3. Deconstruction / Reinterpretation

Noel is known primarily for his incredibly unorthodox approach to Cardistry, so much that even his approach to packet cutting eschews the normal routes that most of us would take when dabbling in that genre.

Watch how Noel segues into Kenner’s 5 Faces of Sybil mid-way through Suddenly Sybil, then follows through with his own way of closing it:

Dismantling and then reconstructing a move so that it becomes almost unrecognizable from its predecessor until a snapshot/highlight moment appears is an act of near-complete personalization. The main question asked is, “how would I do this?

More recently, Samuel Pratt did this with all 5 of his opponents’ trademark moves during his entry in Round 3 of The Fontaine Trials.

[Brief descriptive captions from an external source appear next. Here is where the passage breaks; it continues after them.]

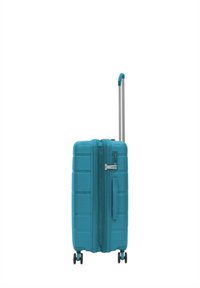 Valigia rigida di colore turchese brillante, con superficie textured, manico telescopico e quattro ruote nere per la mobilità.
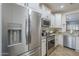 Kitchen with stainless steel appliances and white cabinets and drawers at 26071 W Sequoia Dr, Buckeye, AZ 85396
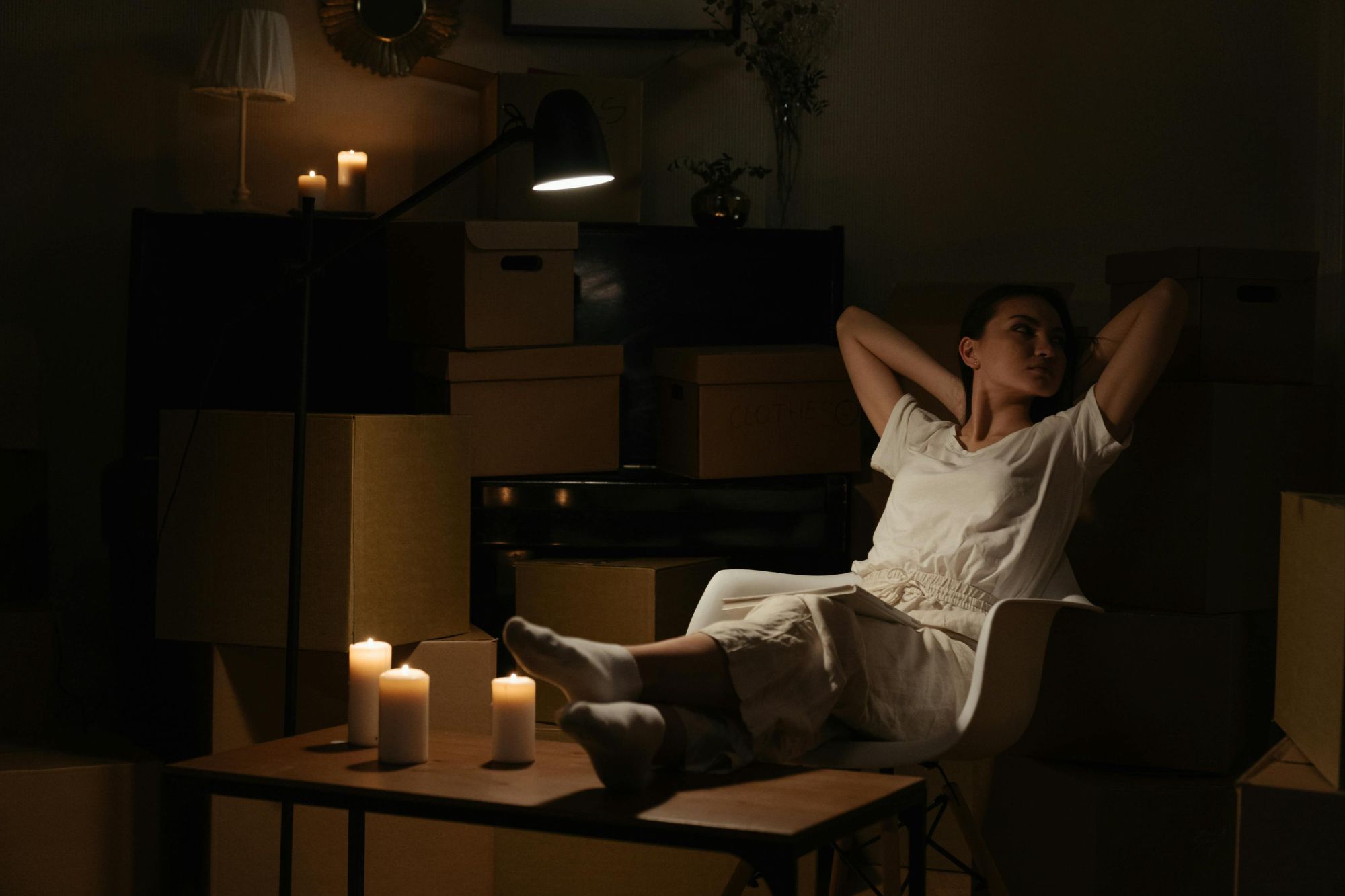 A girl relaxing in her new home at night, sitting comfortably among unpacked moving boxes, with soft lighting creating a cozy atmosphere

Notice how he also incorporates elements from points 1 and 2 of this article:

Whether it leads to a tribute or a call-out, deconstruction allows you the freedom to experiment more with your own way of doing things, and in the process it’ll allow you to discover your ‘voice’ as a Cardist.

In short, the goal of creating good variations isn’t just to come up with something different, but something better. The process might be more difficult than straight-up emulation, but I promise you that it’s worth the effort and time that goes into it. No matter how small or simple the idea, there’s always a way it can be improved.

It’s our duty to do justice to the little things we fall in love with.